Post date: Jul 05, 2021 8:50:47 PM
The variance of a data set of intervals should be different from the variance for a Dempster-Shafer structure of exactly the same intervals. See the bottom of the Moments page for a discussion of why this is. See also Variance-extreme distributions for some very simple numerical examples with two intervals that illustrate this.
The realisation that Dempster-Shafer structures and collections of intervals in general have different upper variances arose in considering Marco's 10 intervals described in a FAQ about moments:
[1, 3]
[1.1, 2.9]
[1.19999, 2.8]
[1.3, 2.70001]
[1.39999, 2.60001]
[1.5, 2.5]
[1.6, 2.4]
[1.69999, 2.3]
[1.8, 2.20001]
[1.89999, 2.10001]
If these intervals are equally weighted focal elements of a Dempster-Shafer structure, its biggest possible variance comes from mixing together 10 little Bernoulli distributions over those respective ranges, which gives the variance as 0.3850034. The left figure below shows in blue where the masses would be.
On the other hand, if we apply Vladik’s variance algorithms to the 10 intervals as though they are imprecise data points—and we interpret the intervals to have zero variance—the largest possible variance would be about 0.3849054, which is very slightly smaller.

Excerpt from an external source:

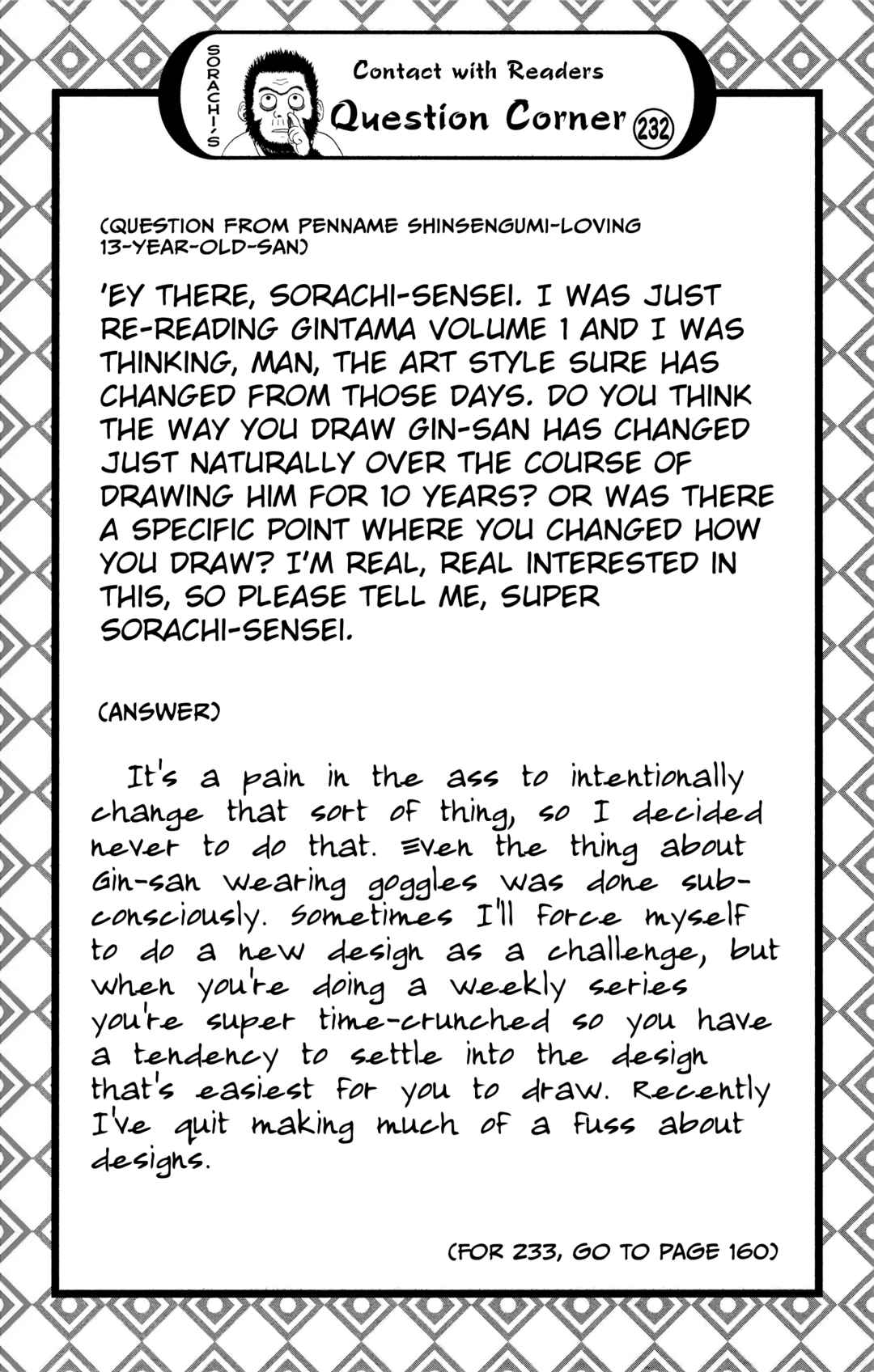 Gintama Chapter 605 - Page 7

It is the variance of 10 point masses at {3, 2.9, 1.19999, 2.70001, 1.39999, 1.5, 1.6, 1.69999, 2.20001, 1.89999} which extremise the variance among all distributions with a single point mass per interval. The right figure shows in blue where the masses would be in this distribution.
See Dominik’s Matlab code for algorithms to evaluate maximal variances. See also some stupid code to search for distributions that extremize variance for the simplest problems with two intervals.

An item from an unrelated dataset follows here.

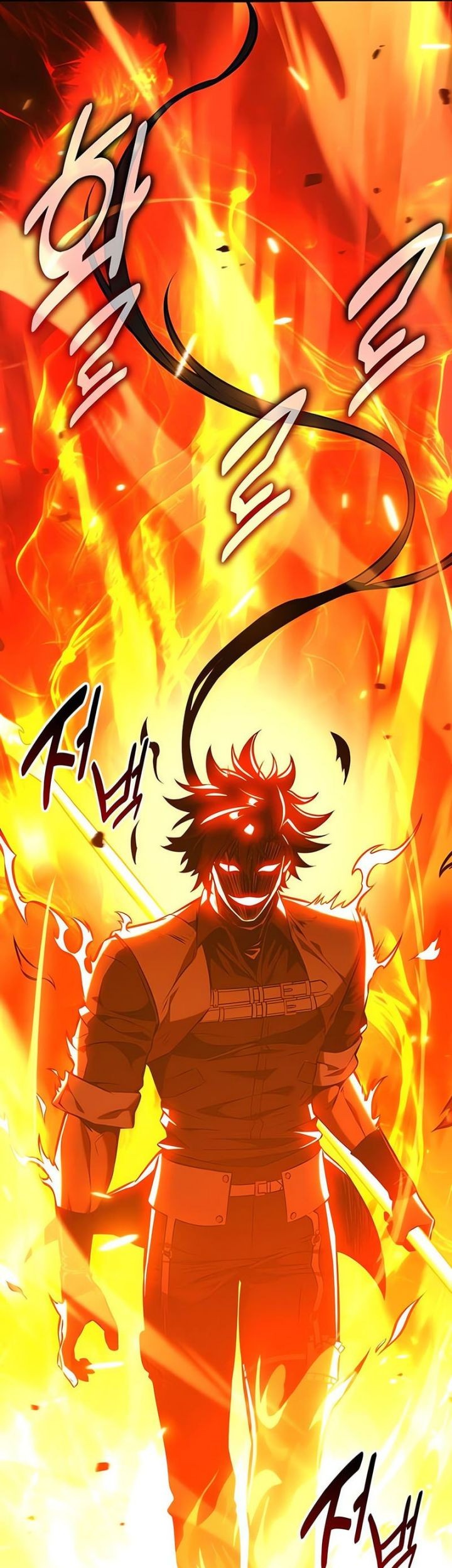 Chapter 79 - halaman 30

This post has been edited with corrections by Marco. The original post and corrections are archived below.
Scott originally said:
I had a little crisis when I realised that the variance of a data set of intervals should be different from the variance for a DSS of exactly the same intervals.
There are some questions for Marco on FAQ on the first of the two questions about moments. It seems to me that the biggest possible variance for Marco’s 10-element DSS comes from mixing together 10 Bernoulli distributions over those respective ranges, which gives the largest variance as 0.385, much smaller than Marco’s value. The left figure below shows in blue where the masses would be. Are there are other distributions that could yield bigger variance for the mixture?

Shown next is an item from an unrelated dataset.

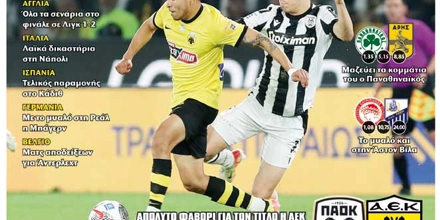 26.04.24 Πρωτοσέλιδο Match Money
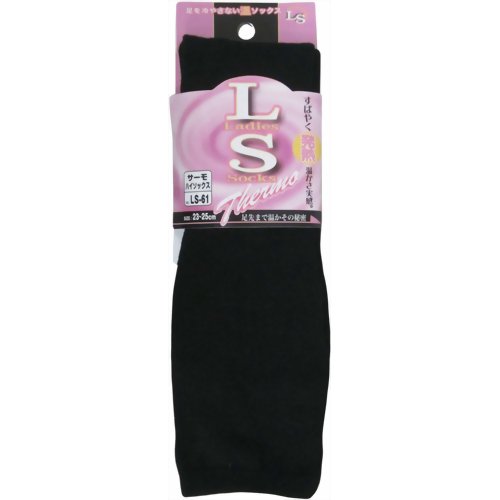 サーモハイソックス (大ダイヤ) LS-61 【おたふく手袋】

On the other hand, it seems to me that if we apply Vladik’s variance algorithms to the 10 intervals as though they are data…and we interpret the intervals to have zero variance…the largest possible variance would be about 0.3825, which is smaller still. The right figure shows in blue where the masses would be in one of the distributions that extremise variance and have one point mass in each interval. At least I think this is what Vladik’s algorithms are assuming. Is that wrong?
I haven’t been able to run Dominik’s Matlab code (evil new VPN). So I made some stupid code to search for distributions that extremize variance for the simplest problems with two intervals. These considerations about very simple numerical examples are recorded at Variance-extreme distributions.
The two FAQ questions involving moments are kind of important, so we can maybe afford some material which readers could use to get a running start on the topic. I added the subpage Moments, with some questions for Dominik, that the FAQ could then summarise or refer to.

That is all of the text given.